Imagine that you want to fly to L.A.: You open your smartphone and click “fly to L.A.” The app notes your location, driving time to the airport, provides flight options, accesses your award mileage program, rents a car, reserves your favorite hotel and makes dinner reservations in L.A. The software knows your preferences for traveling times, price range, seating preferences, special dietary needs and presents communication options for clients in L.A. You are pleased but not surprised.
Now imagine that you want to create a treatment plan for a patient: You chart caries on ten teeth, two abscesses, four missing teeth and twelve existing restorations. Does anything else happen? Nope. Why? Because current clinical features are two-dimensional and stunt our expectations of how software can actually help dentists be better dentists.
What would be better? After charting existing findings, multiple treatment options should be created including even the most advanced multidisciplinary plans. This should happen automatically and instantly. If the dentist has previously installed their own preferences for managing commonly charted findings, these plans will reflect their judgment and be easily customized.
Why does this not happen? Here are four reasons:
FIRST: There are at least 46 anomaly and pathology presentations in the oral cavity that should be chartable (see below). But existing software only provides about half of these. Therefore, software cannot act on existing findings to create treatment plans automatically because it cannot even provide the ability to fully chart existing findings.
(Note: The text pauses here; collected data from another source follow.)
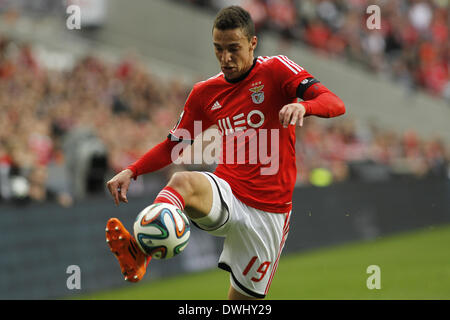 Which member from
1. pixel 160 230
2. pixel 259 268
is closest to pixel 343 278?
pixel 259 268

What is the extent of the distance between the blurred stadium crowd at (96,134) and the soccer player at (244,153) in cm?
484

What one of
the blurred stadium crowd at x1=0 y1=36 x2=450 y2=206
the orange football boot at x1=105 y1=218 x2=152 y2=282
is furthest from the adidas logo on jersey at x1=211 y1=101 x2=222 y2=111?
the blurred stadium crowd at x1=0 y1=36 x2=450 y2=206

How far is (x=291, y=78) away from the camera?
5570mm

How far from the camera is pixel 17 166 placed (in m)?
10.1

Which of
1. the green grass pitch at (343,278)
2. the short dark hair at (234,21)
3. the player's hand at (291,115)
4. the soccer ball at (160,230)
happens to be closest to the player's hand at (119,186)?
the soccer ball at (160,230)

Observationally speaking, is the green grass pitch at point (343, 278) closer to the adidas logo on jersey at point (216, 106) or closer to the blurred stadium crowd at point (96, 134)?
the blurred stadium crowd at point (96, 134)

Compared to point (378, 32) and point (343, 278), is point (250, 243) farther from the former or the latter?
point (378, 32)

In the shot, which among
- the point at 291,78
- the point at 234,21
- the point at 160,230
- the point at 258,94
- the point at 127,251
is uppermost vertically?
the point at 234,21

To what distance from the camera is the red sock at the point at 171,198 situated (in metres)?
4.96

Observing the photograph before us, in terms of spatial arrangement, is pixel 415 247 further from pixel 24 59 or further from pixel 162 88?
pixel 24 59

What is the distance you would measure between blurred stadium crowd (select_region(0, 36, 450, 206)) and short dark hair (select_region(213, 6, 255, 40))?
544 cm

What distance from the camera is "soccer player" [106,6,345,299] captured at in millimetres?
5422

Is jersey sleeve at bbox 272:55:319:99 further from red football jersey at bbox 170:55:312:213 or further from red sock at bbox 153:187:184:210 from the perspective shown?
red sock at bbox 153:187:184:210

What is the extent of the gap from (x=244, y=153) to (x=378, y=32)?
17.8 meters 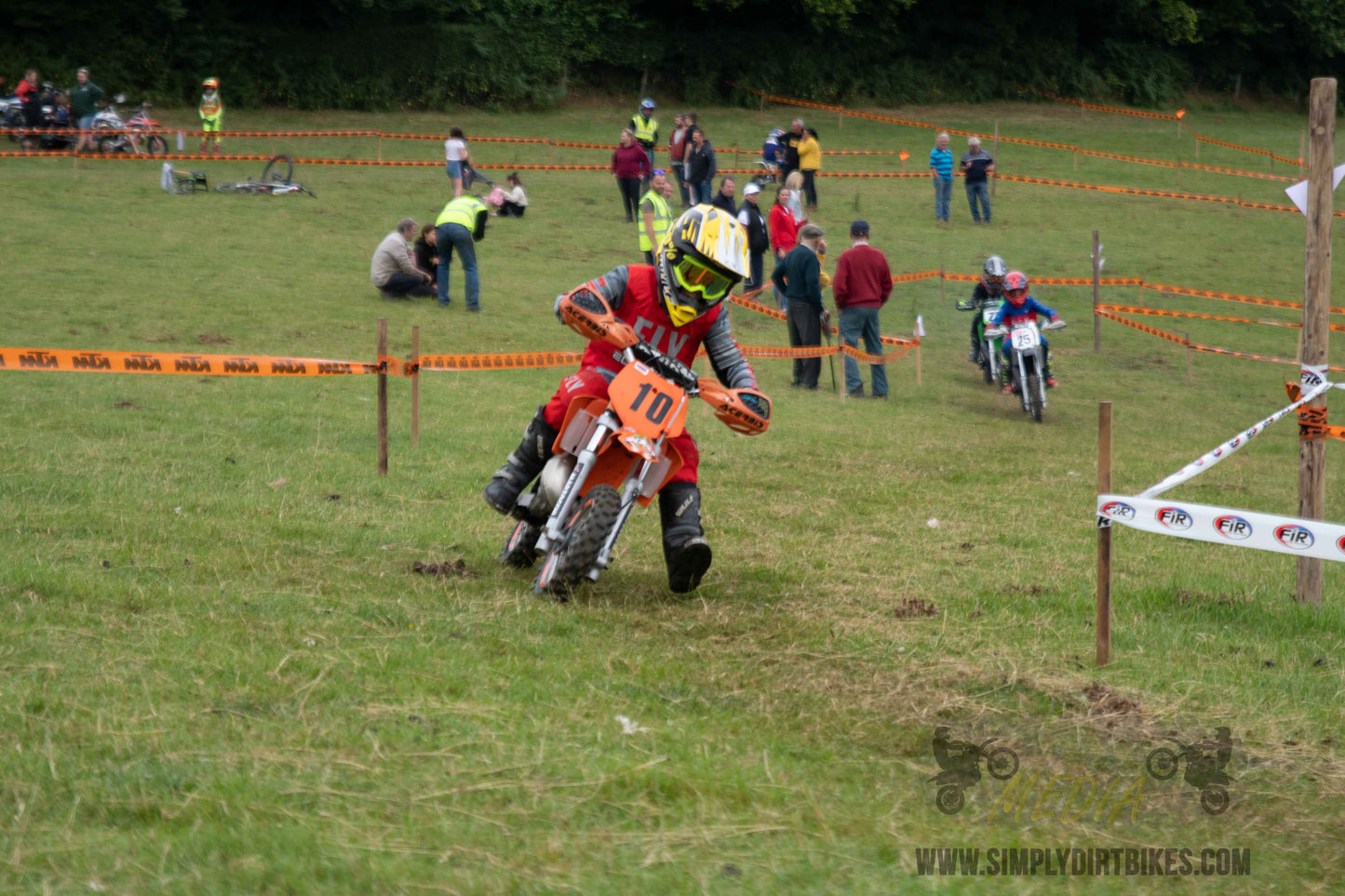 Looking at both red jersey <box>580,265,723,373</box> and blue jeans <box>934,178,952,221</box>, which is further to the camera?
blue jeans <box>934,178,952,221</box>

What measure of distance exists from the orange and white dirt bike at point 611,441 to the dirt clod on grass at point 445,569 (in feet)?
1.67

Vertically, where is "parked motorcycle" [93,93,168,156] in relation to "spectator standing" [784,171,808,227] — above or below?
above

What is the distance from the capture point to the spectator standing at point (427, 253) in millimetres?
19188

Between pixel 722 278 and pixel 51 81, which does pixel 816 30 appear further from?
pixel 722 278

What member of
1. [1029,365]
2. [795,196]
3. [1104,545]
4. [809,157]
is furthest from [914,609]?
[809,157]

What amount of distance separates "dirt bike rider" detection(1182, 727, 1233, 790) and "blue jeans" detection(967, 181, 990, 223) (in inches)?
1004

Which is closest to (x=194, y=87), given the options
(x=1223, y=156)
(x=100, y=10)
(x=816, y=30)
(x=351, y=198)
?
(x=100, y=10)

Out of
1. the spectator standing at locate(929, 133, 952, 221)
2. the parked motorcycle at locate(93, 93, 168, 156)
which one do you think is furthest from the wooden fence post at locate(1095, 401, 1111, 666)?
the parked motorcycle at locate(93, 93, 168, 156)

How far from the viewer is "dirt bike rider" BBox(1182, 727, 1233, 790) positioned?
15.2ft

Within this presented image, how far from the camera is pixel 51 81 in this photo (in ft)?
115

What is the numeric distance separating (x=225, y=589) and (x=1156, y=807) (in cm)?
428

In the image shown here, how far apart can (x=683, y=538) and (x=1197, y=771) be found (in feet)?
9.49

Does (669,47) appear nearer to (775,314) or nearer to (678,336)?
(775,314)

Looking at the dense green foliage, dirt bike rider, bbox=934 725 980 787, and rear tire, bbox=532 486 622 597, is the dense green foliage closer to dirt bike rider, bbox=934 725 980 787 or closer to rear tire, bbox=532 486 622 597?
rear tire, bbox=532 486 622 597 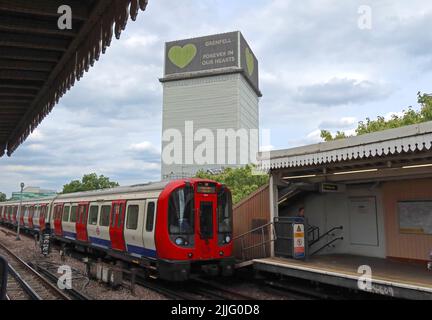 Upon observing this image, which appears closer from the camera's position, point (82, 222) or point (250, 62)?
point (82, 222)

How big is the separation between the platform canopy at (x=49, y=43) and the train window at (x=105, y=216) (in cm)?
586

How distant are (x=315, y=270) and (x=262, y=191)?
3.65 metres

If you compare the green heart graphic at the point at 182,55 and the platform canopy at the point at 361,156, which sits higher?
the green heart graphic at the point at 182,55

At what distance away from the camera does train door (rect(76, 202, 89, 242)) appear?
626 inches

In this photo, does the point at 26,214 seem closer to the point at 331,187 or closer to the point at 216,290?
the point at 216,290

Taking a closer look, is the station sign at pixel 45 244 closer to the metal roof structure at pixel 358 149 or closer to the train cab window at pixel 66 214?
the train cab window at pixel 66 214

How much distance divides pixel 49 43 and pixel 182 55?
142m

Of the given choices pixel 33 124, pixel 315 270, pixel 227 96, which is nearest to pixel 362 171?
pixel 315 270

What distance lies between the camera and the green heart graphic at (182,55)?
14062 centimetres

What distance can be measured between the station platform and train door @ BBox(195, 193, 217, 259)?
148cm

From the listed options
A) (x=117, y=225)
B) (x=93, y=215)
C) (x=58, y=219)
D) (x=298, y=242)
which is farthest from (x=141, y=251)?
(x=58, y=219)

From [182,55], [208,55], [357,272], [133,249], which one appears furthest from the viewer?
[182,55]

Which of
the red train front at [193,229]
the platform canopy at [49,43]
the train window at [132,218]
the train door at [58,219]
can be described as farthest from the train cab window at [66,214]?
the platform canopy at [49,43]

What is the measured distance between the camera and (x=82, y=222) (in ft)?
53.3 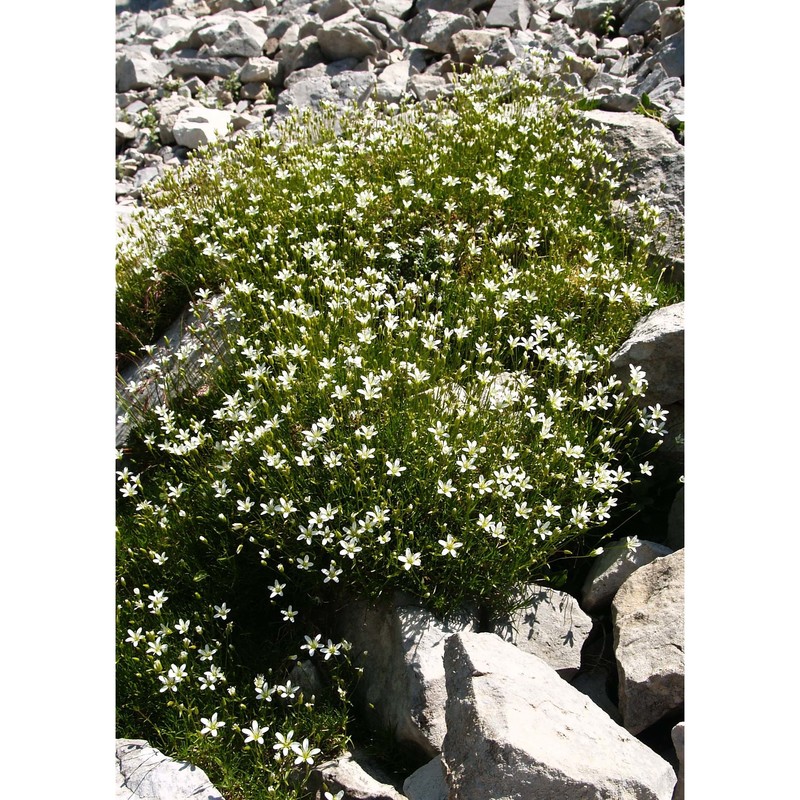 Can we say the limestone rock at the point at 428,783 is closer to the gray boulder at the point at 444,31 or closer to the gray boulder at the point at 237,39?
the gray boulder at the point at 444,31

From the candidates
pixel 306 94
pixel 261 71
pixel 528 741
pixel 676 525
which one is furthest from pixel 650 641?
pixel 261 71

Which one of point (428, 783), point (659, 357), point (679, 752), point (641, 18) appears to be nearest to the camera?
point (679, 752)

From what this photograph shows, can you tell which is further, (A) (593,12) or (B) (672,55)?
(A) (593,12)

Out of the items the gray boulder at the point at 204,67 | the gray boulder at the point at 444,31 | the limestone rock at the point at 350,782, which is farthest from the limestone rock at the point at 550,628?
the gray boulder at the point at 204,67

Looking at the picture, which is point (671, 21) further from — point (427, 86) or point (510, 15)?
point (427, 86)

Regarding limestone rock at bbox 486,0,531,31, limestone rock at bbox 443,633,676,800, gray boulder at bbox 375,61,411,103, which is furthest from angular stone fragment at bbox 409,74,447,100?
limestone rock at bbox 443,633,676,800

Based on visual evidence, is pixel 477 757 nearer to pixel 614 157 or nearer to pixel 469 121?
pixel 614 157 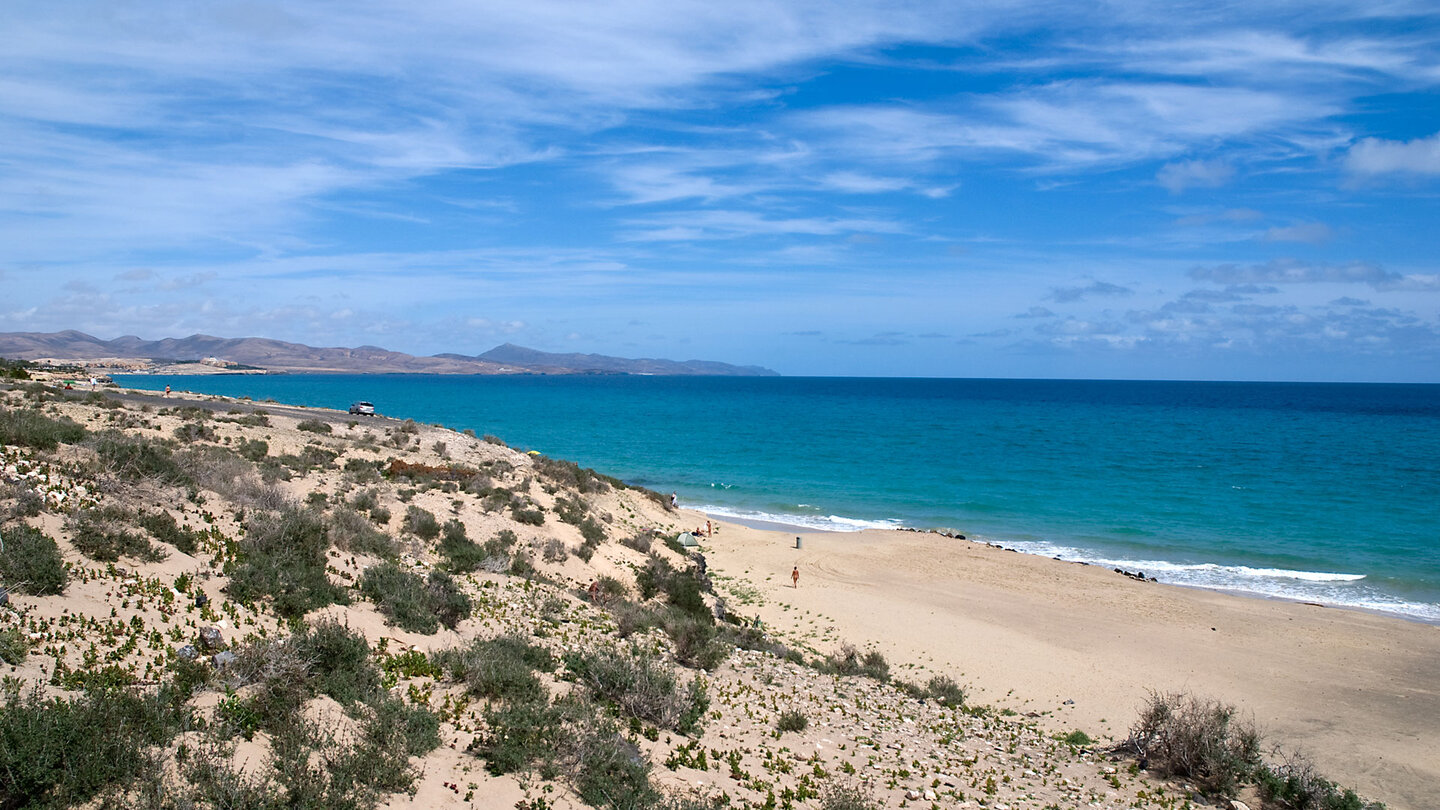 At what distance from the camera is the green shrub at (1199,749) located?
1098cm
Hard tissue (teeth) findings
- Missing teeth
- Impacted teeth
- Existing implant
- Missing crown
- Ongoing orthodontic treatment
- Metal surface based restorations
- Tooth colored surface based restoration
- Crown restoration
- Fixed prosthetic
- Removable prosthetic
- Complete prosthetic
- Incipient caries
- Recurrent caries
- Wear facet
- Root surface caries
- Root tips remaining
- Non-carious cervical lesions
- Radiolucent lesion
- Radioopaque lesion
- Existing endodontic care
- Widened periodontal ligament space
- Existing post in canal space
- Internal root resorption
- External root resorption
- Root fracture
- Supernumerary tooth
- Multiple occlusal schemes
Periodontal tissue findings
- Gingival margin relative to CEJ
- Pocket depth relative to gingival margin
- Attached gingival deficiency
- Defective margin
- Marginal ridge discrepancy
- Open contact
- Furcation involvement
SECOND: After charting existing findings, software should allow the clinician to choose from treatment plan options:
- Create treatment based on “surface defined restorations”
- Extract remaining teeth and add complete maxillary/mandibular denture
- Full mouth crown and bridge rehabilitation
- Cosmetic – All veneers on anterior teeth and crowns on posterior teeth
- Manage all lesions with higher tier restorations
- Surgery/implant solution – (plot all extractions, surgery, bone preservation, prosthetic codes, interim restorations, work up appointments, follow up appointments, consultations and lab procedures)
- Fixed implant retained prosthesis
- Removable implant retained prosthesis
- replace missing teeth with implant
- Create treatment plan with least expensive choices
- Create treatment plan with high caries risk modifications
- Create a treatment plan based on insurance benefits for insurance policy “XYZ.”
THIRD: Charting takes too long the way existing software is designed. Charting each finding on each tooth one at a time requires shifting from one discipline (button icon) to another before moving to the next tooth. If a tooth presents with mobility and a composite restoration and an alloy and a fracture and caries one may have to click up to 20 times to chart these findings. A new approach to charting is required where one views the entire oral cavity and charts by grouped anomalies and pathologies and charts by groups:
- Chart all missing teeth
- Chart all existing alloys
- Chart all existing composites
The system is much faster and takes into consideration the reason for charting in modern times.
FOURTH: The understanding of the need for charting is antiquated. Charting of existing findings is no longer done just to record existing findings because today there are many ways to do this e.g. radiographs, images, CBCT, study models, caries detecting systems, “Google glasses” examinations, chart notes.
Charting should be done to initiate the resolution of problems. The preferences of the clinician should be installed in the system, the preferences of the patient should be known and the evidence-based literature for resolving issues should be known. Taken together these parameters should automatically guide the treatment planning as it responds to highest skills of the doctor as a diagnostician. Any system that does not do this is behind the times.
The body of dental clinicians should have higher expectations of dental software vendors. Treatment planning software features should at least be as powerful as the apps on your smartphone.